• _Input data_

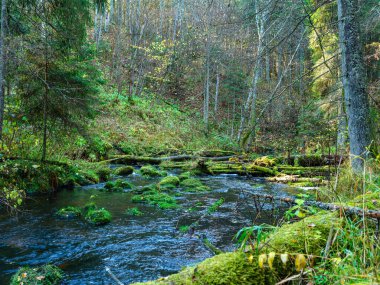 Sonbahar ormanlarında eski ağaç gövdeleri ve yeşil otlarla kaplı vahşi orman nehri deresi.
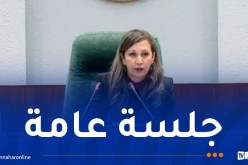 نواب المجلس الشعبي الوطني يصادقون على قائمة نواب الرئيس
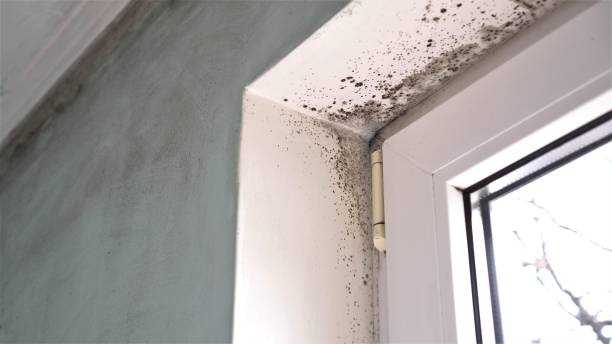 Best Preventive Mold Services in Eagle Butte, SD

• _Description of the task_
Copy the listing character for character, pictures omitted.

• _Result of this exercise_
 Sonbahar ormanlarında eski ağaç gövdeleri ve yeşil otlarla kaplı vahşi orman nehri deresi.
 نواب المجلس الشعبي الوطني يصادقون على قائمة نواب الرئيس
 Best Preventive Mold Services in Eagle Butte, SD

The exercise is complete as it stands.